### Required action
Write out every entry again exactly as it stands.

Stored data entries
Start of Block

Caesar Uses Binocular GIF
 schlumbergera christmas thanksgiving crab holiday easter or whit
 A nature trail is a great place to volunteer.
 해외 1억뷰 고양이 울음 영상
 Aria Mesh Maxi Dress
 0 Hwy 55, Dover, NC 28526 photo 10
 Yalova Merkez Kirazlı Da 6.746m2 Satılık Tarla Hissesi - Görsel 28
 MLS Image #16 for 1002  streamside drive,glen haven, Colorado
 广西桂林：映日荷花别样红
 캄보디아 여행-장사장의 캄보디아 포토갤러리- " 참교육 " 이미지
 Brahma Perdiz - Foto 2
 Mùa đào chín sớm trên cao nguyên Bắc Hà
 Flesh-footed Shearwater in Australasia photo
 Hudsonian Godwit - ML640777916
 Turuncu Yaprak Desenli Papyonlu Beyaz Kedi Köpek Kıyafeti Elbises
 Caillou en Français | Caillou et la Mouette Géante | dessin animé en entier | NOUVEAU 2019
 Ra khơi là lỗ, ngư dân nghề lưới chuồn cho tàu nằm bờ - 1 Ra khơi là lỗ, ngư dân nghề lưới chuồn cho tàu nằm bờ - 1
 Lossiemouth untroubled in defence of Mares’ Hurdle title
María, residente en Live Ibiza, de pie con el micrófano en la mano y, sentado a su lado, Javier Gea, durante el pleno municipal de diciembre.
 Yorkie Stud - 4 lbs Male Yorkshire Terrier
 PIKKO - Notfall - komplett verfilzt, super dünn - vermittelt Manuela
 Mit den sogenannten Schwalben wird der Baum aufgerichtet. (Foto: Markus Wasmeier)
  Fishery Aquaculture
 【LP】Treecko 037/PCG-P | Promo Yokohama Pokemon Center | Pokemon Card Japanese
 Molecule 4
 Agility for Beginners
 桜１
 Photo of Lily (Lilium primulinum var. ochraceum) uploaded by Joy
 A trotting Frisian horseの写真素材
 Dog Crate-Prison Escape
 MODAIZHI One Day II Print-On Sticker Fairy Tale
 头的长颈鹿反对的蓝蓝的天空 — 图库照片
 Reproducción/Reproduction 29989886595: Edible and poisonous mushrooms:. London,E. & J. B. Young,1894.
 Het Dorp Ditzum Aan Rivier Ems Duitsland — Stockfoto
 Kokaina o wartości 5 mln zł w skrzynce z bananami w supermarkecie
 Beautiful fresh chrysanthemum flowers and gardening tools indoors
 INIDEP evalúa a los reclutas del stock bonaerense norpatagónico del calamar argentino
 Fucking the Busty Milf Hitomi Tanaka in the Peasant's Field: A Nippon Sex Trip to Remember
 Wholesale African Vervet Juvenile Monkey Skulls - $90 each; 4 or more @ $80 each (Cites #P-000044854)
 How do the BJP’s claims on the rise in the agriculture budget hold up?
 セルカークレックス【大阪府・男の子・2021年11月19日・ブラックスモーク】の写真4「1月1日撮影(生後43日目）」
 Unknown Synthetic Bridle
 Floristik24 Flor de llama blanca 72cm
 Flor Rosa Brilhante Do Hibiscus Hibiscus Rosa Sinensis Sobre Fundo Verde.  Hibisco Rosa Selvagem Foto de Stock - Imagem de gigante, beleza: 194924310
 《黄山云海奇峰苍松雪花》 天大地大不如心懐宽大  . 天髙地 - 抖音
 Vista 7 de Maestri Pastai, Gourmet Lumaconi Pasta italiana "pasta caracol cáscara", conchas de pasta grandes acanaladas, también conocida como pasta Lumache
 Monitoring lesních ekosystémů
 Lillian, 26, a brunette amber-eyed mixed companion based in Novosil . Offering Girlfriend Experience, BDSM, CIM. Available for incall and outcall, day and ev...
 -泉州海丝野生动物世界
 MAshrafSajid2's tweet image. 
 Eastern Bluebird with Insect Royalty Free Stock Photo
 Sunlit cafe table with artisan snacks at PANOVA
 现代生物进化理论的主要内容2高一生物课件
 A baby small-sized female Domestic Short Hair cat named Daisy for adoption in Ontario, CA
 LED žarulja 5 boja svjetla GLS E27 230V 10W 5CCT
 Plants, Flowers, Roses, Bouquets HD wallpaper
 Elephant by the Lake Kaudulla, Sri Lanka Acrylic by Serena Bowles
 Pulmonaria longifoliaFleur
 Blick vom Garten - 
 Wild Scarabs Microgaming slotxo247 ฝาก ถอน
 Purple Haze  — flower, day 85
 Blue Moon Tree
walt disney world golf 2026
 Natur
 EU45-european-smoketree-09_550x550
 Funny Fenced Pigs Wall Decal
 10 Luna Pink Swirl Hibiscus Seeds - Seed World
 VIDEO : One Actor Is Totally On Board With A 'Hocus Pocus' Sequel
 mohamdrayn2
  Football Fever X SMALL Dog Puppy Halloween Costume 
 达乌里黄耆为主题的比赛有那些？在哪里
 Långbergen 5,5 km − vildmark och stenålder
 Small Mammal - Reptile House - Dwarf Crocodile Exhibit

End of Block

### Your solution
Caesar Uses Binocular GIF
 schlumbergera christmas thanksgiving crab holiday easter or whit
 A nature trail is a great place to volunteer.
 해외 1억뷰 고양이 울음 영상
 Aria Mesh Maxi Dress
 0 Hwy 55, Dover, NC 28526 photo 10
 Yalova Merkez Kirazlı Da 6.746m2 Satılık Tarla Hissesi - Görsel 28
 MLS Image #16 for 1002  streamside drive,glen haven, Colorado
 广西桂林：映日荷花别样红
 캄보디아 여행-장사장의 캄보디아 포토갤러리- " 참교육 " 이미지
 Brahma Perdiz - Foto 2
 Mùa đào chín sớm trên cao nguyên Bắc Hà
 Flesh-footed Shearwater in Australasia photo
 Hudsonian Godwit - ML640777916
 Turuncu Yaprak Desenli Papyonlu Beyaz Kedi Köpek Kıyafeti Elbises
 Caillou en Français | Caillou et la Mouette Géante | dessin animé en entier | NOUVEAU 2019
 Ra khơi là lỗ, ngư dân nghề lưới chuồn cho tàu nằm bờ - 1 Ra khơi là lỗ, ngư dân nghề lưới chuồn cho tàu nằm bờ - 1
 Lossiemouth untroubled in defence of Mares’ Hurdle title
María, residente en Live Ibiza, de pie con el micrófano en la mano y, sentado a su lado, Javier Gea, durante el pleno municipal de diciembre.
 Yorkie Stud - 4 lbs Male Yorkshire Terrier
 PIKKO - Notfall - komplett verfilzt, super dünn - vermittelt Manuela
 Mit den sogenannten Schwalben wird der Baum aufgerichtet. (Foto: Markus Wasmeier)
  Fishery Aquaculture
 【LP】Treecko 037/PCG-P | Promo Yokohama Pokemon Center | Pokemon Card Japanese
 Molecule 4
 Agility for Beginners
 桜１
 Photo of Lily (Lilium primulinum var. ochraceum) uploaded by Joy
 A trotting Frisian horseの写真素材
 Dog Crate-Prison Escape
 MODAIZHI One Day II Print-On Sticker Fairy Tale
 头的长颈鹿反对的蓝蓝的天空 — 图库照片
 Reproducción/Reproduction 29989886595: Edible and poisonous mushrooms:. London,E. & J. B. Young,1894.
 Het Dorp Ditzum Aan Rivier Ems Duitsland — Stockfoto
 Kokaina o wartości 5 mln zł w skrzynce z bananami w supermarkecie
 Beautiful fresh chrysanthemum flowers and gardening tools indoors
 INIDEP evalúa a los reclutas del stock bonaerense norpatagónico del calamar argentino
 Fucking the Busty Milf Hitomi Tanaka in the Peasant's Field: A Nippon Sex Trip to Remember
 Wholesale African Vervet Juvenile Monkey Skulls - $90 each; 4 or more @ $80 each (Cites #P-000044854)
 How do the BJP’s claims on the rise in the agriculture budget hold up?
 セルカークレックス【大阪府・男の子・2021年11月19日・ブラックスモーク】の写真4「1月1日撮影(生後43日目）」
 Unknown Synthetic Bridle
 Floristik24 Flor de llama blanca 72cm
 Flor Rosa Brilhante Do Hibiscus Hibiscus Rosa Sinensis Sobre Fundo Verde.  Hibisco Rosa Selvagem Foto de Stock - Imagem de gigante, beleza: 194924310
 《黄山云海奇峰苍松雪花》 天大地大不如心懐宽大  . 天髙地 - 抖音
 Vista 7 de Maestri Pastai, Gourmet Lumaconi Pasta italiana "pasta caracol cáscara", conchas de pasta grandes acanaladas, también conocida como pasta Lumache
 Monitoring lesních ekosystémů
 Lillian, 26, a brunette amber-eyed mixed companion based in Novosil . Offering Girlfriend Experience, BDSM, CIM. Available for incall and outcall, day and ev...
 -泉州海丝野生动物世界
 MAshrafSajid2's tweet image. 
 Eastern Bluebird with Insect Royalty Free Stock Photo
 Sunlit cafe table with artisan snacks at PANOVA
 现代生物进化理论的主要内容2高一生物课件
 A baby small-sized female Domestic Short Hair cat named Daisy for adoption in Ontario, CA
 LED žarulja 5 boja svjetla GLS E27 230V 10W 5CCT
 Plants, Flowers, Roses, Bouquets HD wallpaper
 Elephant by the Lake Kaudulla, Sri Lanka Acrylic by Serena Bowles
 Pulmonaria longifoliaFleur
 Blick vom Garten - 
 Wild Scarabs Microgaming slotxo247 ฝาก ถอน
 Purple Haze  — flower, day 85
 Blue Moon Tree
walt disney world golf 2026
 Natur
 EU45-european-smoketree-09_550x550
 Funny Fenced Pigs Wall Decal
 10 Luna Pink Swirl Hibiscus Seeds - Seed World
 VIDEO : One Actor Is Totally On Board With A 'Hocus Pocus' Sequel
 mohamdrayn2
  Football Fever X SMALL Dog Puppy Halloween Costume 
 达乌里黄耆为主题的比赛有那些？在哪里
 Långbergen 5,5 km − vildmark och stenålder
 Small Mammal - Reptile House - Dwarf Crocodile Exhibit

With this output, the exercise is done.